──────── Records shown ────────
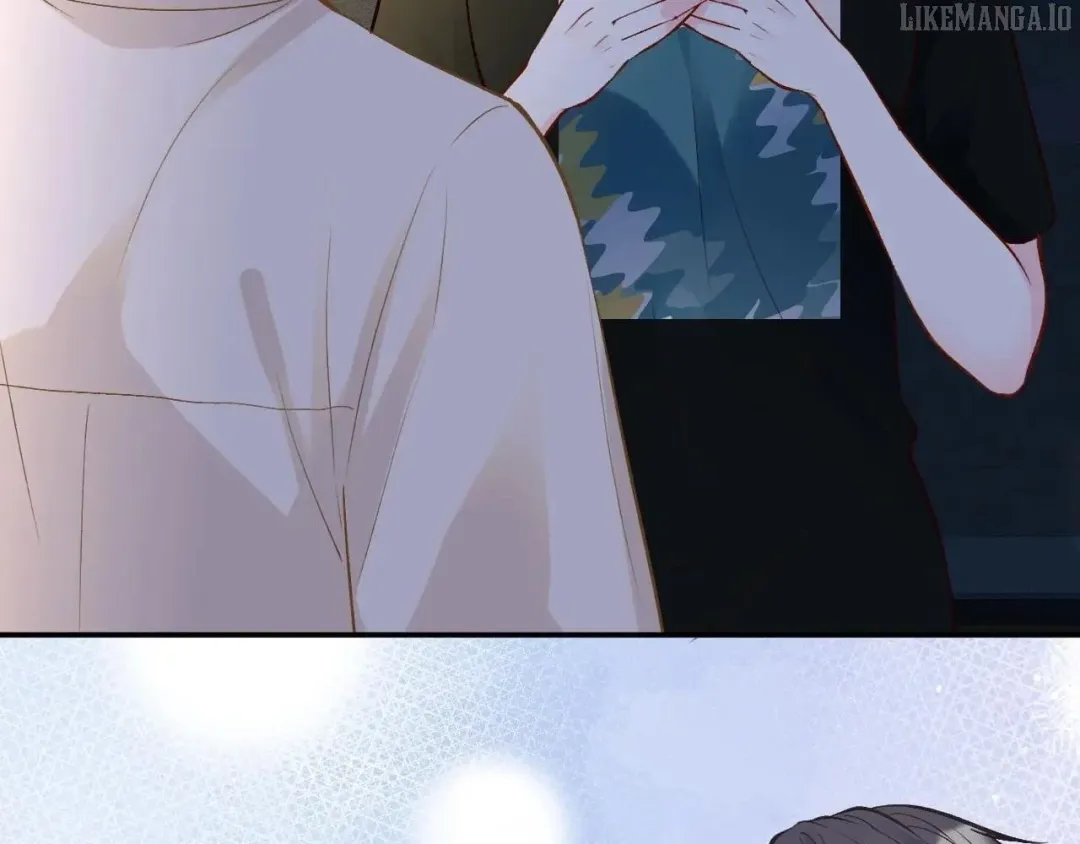 Everyone’s Darling - Chapter 201 Page 28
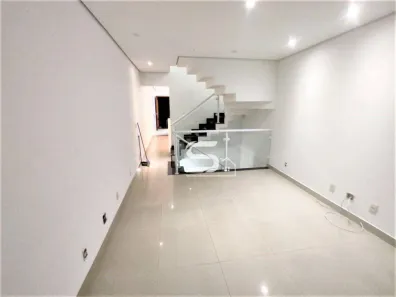 Sobrado com 3 Quartos à venda, 115m² no Jardim Guairaca, São Paulo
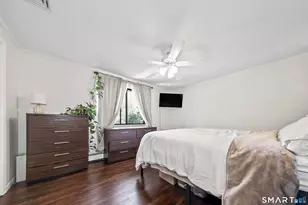 97 Dorothy Ln, Plymouth, CT 06786 - Photo 20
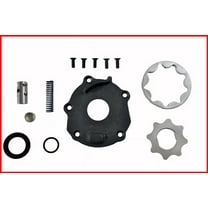 PUMP KIT CHRY 3.3L 201 3.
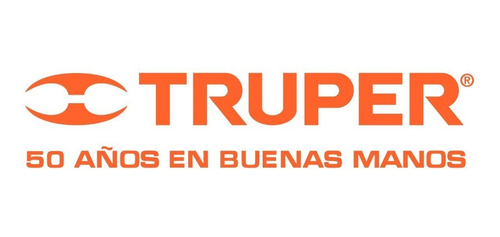 Imagen 3 de 3 de Juego De Adaptadores 1/4 Punta Magnetica 5 Piezas Truper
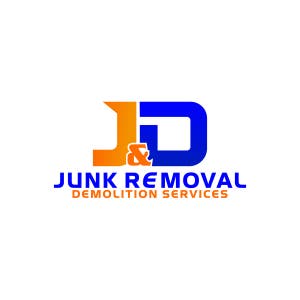 Junk Removal Demolition Services
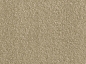 Preview: VORWERK ® - AMELIE - 8L41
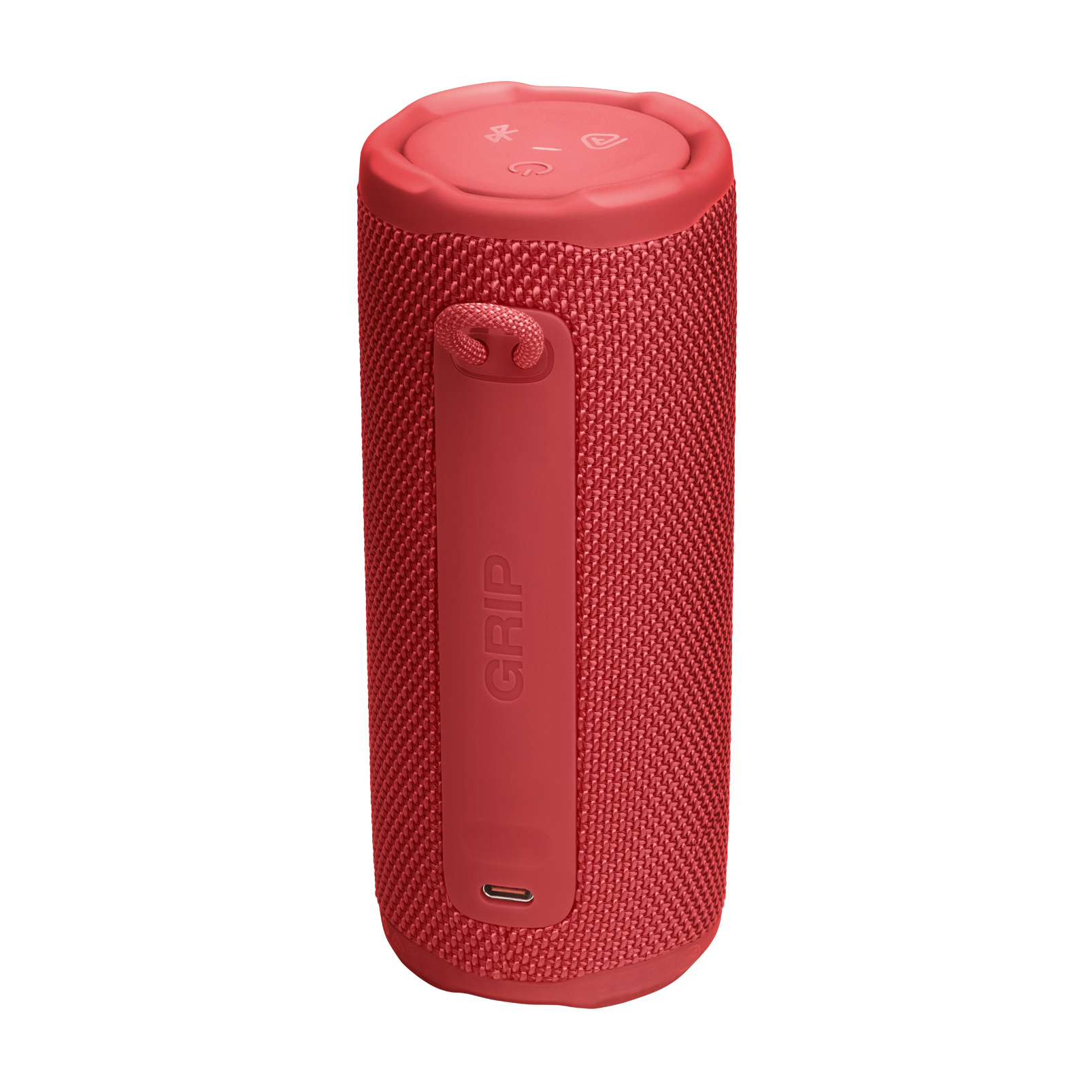 Loa JBL Grip Bluetooth, 16W - Việt Music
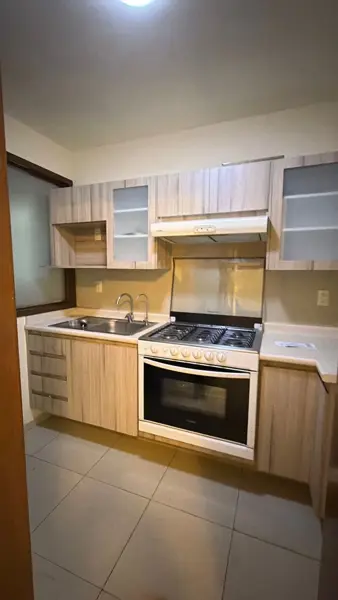 Departamento en venta en Alamos, Benito Juárez — foto 3 de 20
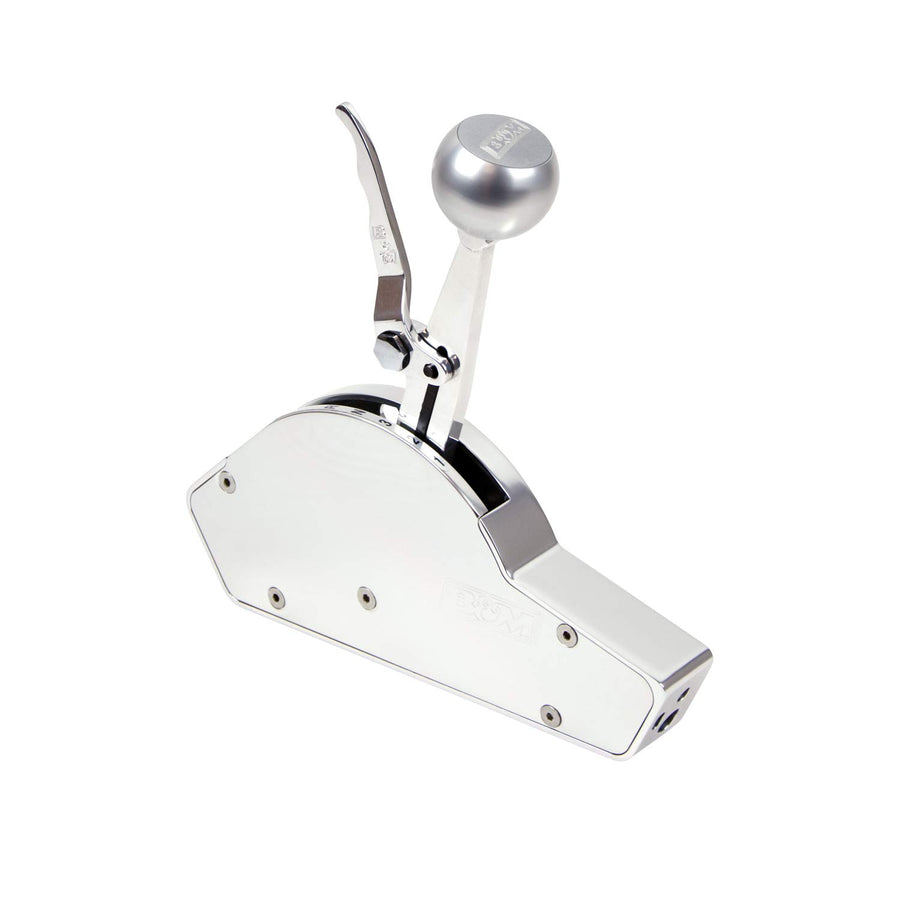 Hi-Tek B&M 80797 Street Bandit Automatic Shifter
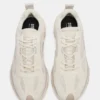 Salvador Off-White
────────
● What you are asked to do:
Output nothing but the records above, word for word, with the pictures removed.

● Answer box:
 Everyone’s Darling - Chapter 201 Page 28
 Sobrado com 3 Quartos à venda, 115m² no Jardim Guairaca, São Paulo
 97 Dorothy Ln, Plymouth, CT 06786 - Photo 20
 PUMP KIT CHRY 3.3L 201 3.
 Imagen 3 de 3 de Juego De Adaptadores 1/4 Punta Magnetica 5 Piezas Truper
 Junk Removal Demolition Services
 Preview: VORWERK ® - AMELIE - 8L41
 Loa JBL Grip Bluetooth, 16W - Việt Music
 Departamento en venta en Alamos, Benito Juárez — foto 3 de 20
 Hi-Tek B&M 80797 Street Bandit Automatic Shifter
 Salvador Off-White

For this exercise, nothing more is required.